Lagom: The best way to achieve social health?

During my one week orientation program on August 2019 at Södertörn University, we were presented with many aspects of Swedish culture and practices. One of the new aspects that I learnt was the “lagom culture”, As I quote one of the presenters about applying lagom to our studies, he said: ”Lagom will reduce your stressful burdens of hectic lecture schedules and ensure that you spend equal time of working and socializing in the university.”

So being a student with a background in public health and society, I got interested and searched for the deeper meaning of lagom, and how it can  apply to society and health. I found out that it is a Swedish way of life, it is a concept which means not too much and not too little, just enough. I learnt that it came from a Viking tradition laget om which means 'around the group' and was allegedly used to describe just how much mead or soup one should drink when passing the bowl around in the group.

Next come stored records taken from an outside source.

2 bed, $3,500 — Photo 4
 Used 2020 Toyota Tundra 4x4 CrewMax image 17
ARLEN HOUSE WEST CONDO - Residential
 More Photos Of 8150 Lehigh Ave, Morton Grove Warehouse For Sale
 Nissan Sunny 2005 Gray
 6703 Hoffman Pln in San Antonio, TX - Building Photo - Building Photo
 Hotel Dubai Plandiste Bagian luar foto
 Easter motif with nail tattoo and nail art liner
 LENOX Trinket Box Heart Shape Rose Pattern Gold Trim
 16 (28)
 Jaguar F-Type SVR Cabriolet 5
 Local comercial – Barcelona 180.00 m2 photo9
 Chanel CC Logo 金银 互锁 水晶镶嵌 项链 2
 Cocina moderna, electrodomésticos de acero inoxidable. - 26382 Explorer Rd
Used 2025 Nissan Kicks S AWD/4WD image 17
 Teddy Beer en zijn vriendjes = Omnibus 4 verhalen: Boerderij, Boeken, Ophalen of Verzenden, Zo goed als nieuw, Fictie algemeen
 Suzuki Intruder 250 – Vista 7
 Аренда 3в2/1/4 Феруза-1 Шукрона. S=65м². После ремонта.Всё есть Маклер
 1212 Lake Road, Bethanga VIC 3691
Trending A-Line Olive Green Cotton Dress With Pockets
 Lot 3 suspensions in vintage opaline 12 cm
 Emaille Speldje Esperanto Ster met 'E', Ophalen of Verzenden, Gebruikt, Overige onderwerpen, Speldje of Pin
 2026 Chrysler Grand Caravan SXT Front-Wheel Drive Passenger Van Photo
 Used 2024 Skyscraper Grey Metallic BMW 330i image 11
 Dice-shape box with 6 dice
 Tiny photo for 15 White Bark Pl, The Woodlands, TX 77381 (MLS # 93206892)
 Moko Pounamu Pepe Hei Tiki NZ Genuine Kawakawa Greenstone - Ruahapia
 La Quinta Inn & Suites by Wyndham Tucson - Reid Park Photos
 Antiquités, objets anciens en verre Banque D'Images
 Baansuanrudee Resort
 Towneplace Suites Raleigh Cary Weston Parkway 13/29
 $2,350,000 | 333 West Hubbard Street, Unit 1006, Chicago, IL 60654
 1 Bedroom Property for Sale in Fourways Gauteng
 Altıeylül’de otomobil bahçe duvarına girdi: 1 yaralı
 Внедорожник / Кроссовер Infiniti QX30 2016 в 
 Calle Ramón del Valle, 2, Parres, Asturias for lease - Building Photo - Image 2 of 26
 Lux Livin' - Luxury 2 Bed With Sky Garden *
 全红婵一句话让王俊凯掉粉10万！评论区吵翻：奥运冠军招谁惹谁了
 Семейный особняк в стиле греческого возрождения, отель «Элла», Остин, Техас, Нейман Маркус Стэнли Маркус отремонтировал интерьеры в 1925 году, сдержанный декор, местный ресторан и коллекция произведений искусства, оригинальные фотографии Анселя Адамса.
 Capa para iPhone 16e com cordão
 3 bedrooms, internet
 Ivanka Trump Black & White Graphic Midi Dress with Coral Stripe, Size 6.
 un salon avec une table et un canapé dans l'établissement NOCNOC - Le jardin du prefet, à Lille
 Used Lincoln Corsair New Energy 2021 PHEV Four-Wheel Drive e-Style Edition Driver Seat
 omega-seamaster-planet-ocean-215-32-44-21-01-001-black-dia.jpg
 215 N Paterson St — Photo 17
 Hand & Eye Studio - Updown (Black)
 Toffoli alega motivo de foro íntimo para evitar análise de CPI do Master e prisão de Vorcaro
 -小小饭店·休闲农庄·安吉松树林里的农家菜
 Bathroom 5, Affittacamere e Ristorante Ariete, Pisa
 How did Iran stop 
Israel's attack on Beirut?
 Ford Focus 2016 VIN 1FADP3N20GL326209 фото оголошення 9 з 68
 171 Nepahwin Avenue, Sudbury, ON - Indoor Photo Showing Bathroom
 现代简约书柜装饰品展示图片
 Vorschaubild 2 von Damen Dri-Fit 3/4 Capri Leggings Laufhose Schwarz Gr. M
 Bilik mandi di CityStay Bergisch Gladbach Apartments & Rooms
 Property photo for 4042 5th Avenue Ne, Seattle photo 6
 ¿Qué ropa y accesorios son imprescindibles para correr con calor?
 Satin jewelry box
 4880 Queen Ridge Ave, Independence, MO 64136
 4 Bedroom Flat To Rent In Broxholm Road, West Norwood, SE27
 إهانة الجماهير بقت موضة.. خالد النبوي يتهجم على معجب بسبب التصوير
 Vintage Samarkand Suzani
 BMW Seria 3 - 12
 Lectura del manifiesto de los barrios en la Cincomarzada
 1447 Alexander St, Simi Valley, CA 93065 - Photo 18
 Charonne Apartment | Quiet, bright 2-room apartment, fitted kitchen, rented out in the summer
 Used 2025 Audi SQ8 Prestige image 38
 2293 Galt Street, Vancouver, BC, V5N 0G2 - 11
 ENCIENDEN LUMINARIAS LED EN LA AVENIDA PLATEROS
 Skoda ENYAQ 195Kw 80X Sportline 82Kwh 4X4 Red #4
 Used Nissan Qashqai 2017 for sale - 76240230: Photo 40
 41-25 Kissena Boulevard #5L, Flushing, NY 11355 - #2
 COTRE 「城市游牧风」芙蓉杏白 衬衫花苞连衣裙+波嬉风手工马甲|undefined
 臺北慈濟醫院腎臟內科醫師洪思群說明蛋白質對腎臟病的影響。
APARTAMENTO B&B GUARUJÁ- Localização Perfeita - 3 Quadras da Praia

If this concept is applied to achieve social health goals, it would really fit well. So, what is social health at first? Social health is how you interact with other people and adapt in different situations, it deals with how people in society deal with each other. It is important to note that there is a close link between good social health and improvement of the other aspects of human health, this can lead to the achievement of SDG goal of good health and wellbeing. It also leads to self-satisfaction and happiness; no wonder Sweden is ranked as one the happiest countries in the world. It is ranked 7th in 2019, according to world happiness report. I believe lagom has a big role in this achievement.

In the country where I come from, Kenya, one of the greatest challenges we face in our society, is the ability for people of different cultural and ethnic backgrounds to interact and form positive and cohesive relationships with each other. From my perspective, when I finish my studies and return, lagom will be worth implementing in the workplace, the place where I live and the society as whole, as it is the best way of finding simple, attainable solutions to our everyday worries like stress, eating better, having downtime and achieving happiness. It’s a balance of work and life, so everything is in sustainable existence with each other.

My goal during my entire university studies at Södertörn, will be to learn more about the lagom principle and also be able to apply it on our SI NFGL Local Network platform, because it is surely one of the best ways to achieve a good  work-life balance, reaching consensus with my colleagues and adapting a team minded approach in dealing with issues in an organization and the society.